The next day, December 27th, at noon, the national flag that was carried from Fort Moultrie, is raised upon the flag-staff of Sumter.  Everyone gathers around the staff. Major Anderson kneels  while the Reverend Matthias Harris says  a prayer asking for encouragement, support, and mercy.  Anderson pulls the cord and hoists the Fort Sumter flag to the top of the flag pole as a band plays “Hail Columbia.” Soon the people of Charleston can see the stars and stripes floating above the fort, and they wonder what Robert Anderson will do next.

When Governor Pickens discovers that Major Anderson has moved his garrison to Fort Sumter, he immediately demands Anderson’s withdrawal.

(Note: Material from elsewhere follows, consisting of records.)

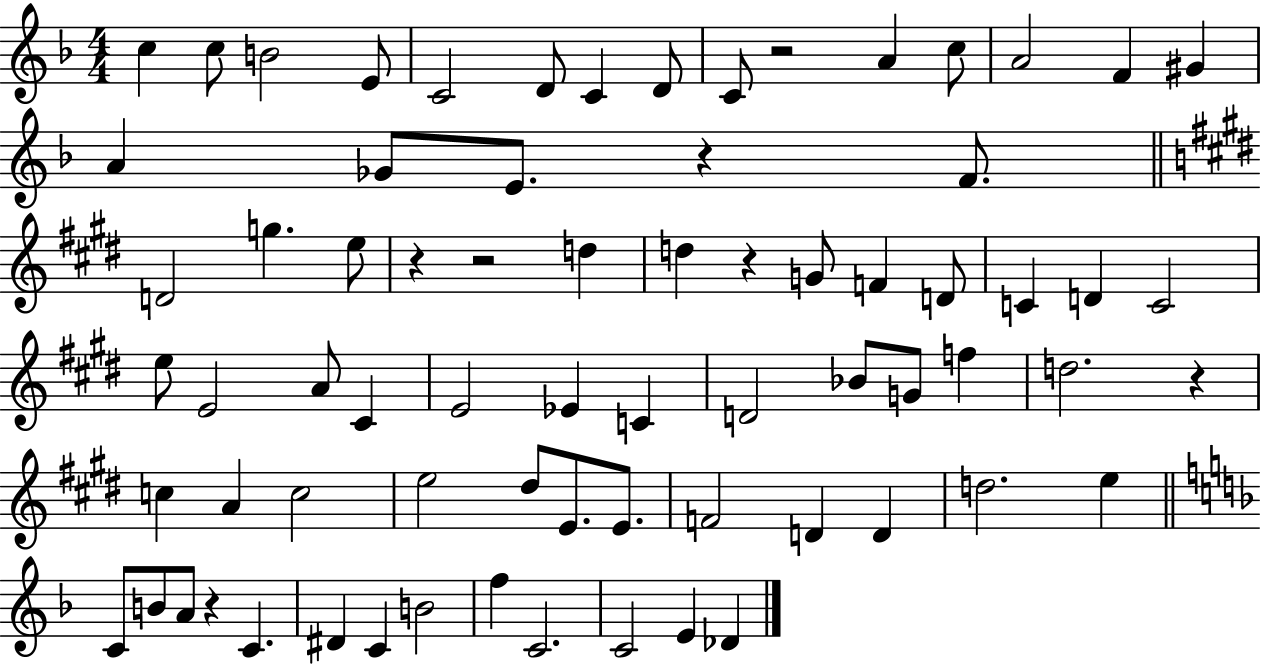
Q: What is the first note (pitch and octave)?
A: C5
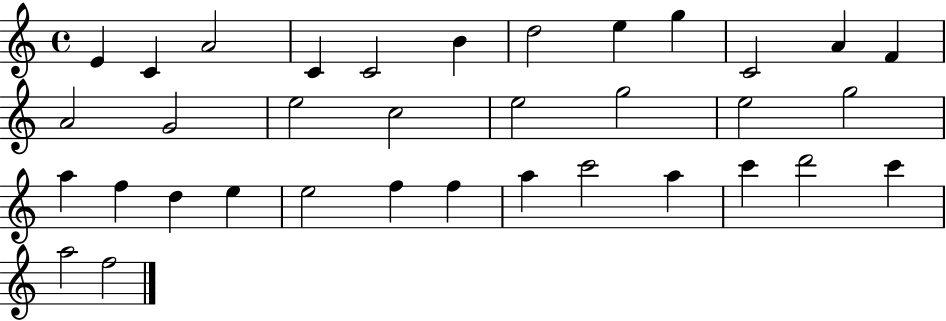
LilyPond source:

{
  \clef treble
  \time 4/4
  \defaultTimeSignature
  \key c \major
  e'4 c'4 a'2 | c'4 c'2 b'4 | d''2 e''4 g''4 | c'2 a'4 f'4 | \break a'2 g'2 | e''2 c''2 | e''2 g''2 | e''2 g''2 | \break a''4 f''4 d''4 e''4 | e''2 f''4 f''4 | a''4 c'''2 a''4 | c'''4 d'''2 c'''4 | \break a''2 f''2 | \bar "|."
}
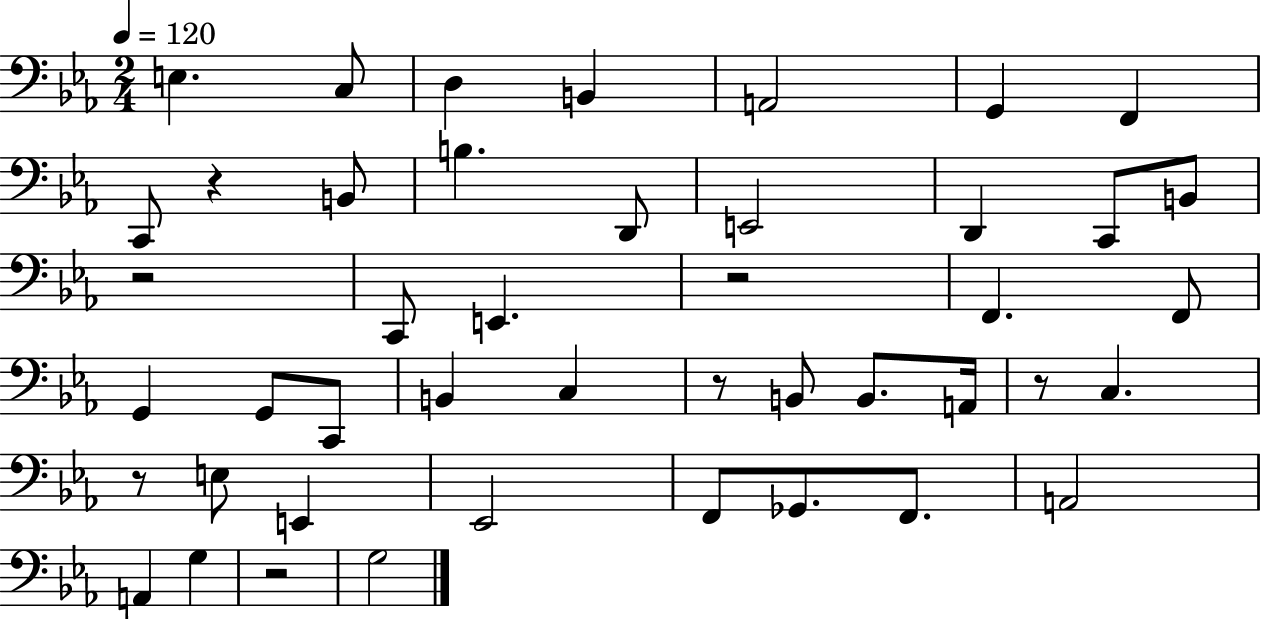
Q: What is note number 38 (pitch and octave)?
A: G3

This request is politely refused, and Anderson, a native of the slave-labor state of Kentucky, is denounced throughout South Carolina as a “traitor to the South” and treated as a public enemy.

Fort Sumter Flag - Star of the West

On January 9th, 1861 President Buchanan sends an unarmed steamer, The Star of the West, to Fort Sumter in an attempt to replenish the garrison with badly needed supplies, food, and men. However, Cadets from The Citadel stationed on nearby Morris Island, fire upon the ship as it enters Charleston Harbor, forcing its return home.  These are considered the first shots fired in the American Civil War.

Governor Pickens sends his Secretary of State and Secretary of War as commissioners to Anderson on the 11th of January and make a formal demand for the surrender of the fort to South Carolinian authorities.  Anderson replies that he would sooner blow-up the fort and garrison than suffer such a humiliation.


Sources:

Lossing, Benson. Harper’s Encyclopedia of United States History. New York: Harper and Brothers Publishers, 1912.

Mottelay, Paul F. and T. Campbell Copeland.  The Soldier in Our Civil War. New York: Stanley Bradley Publishing Company, 1885.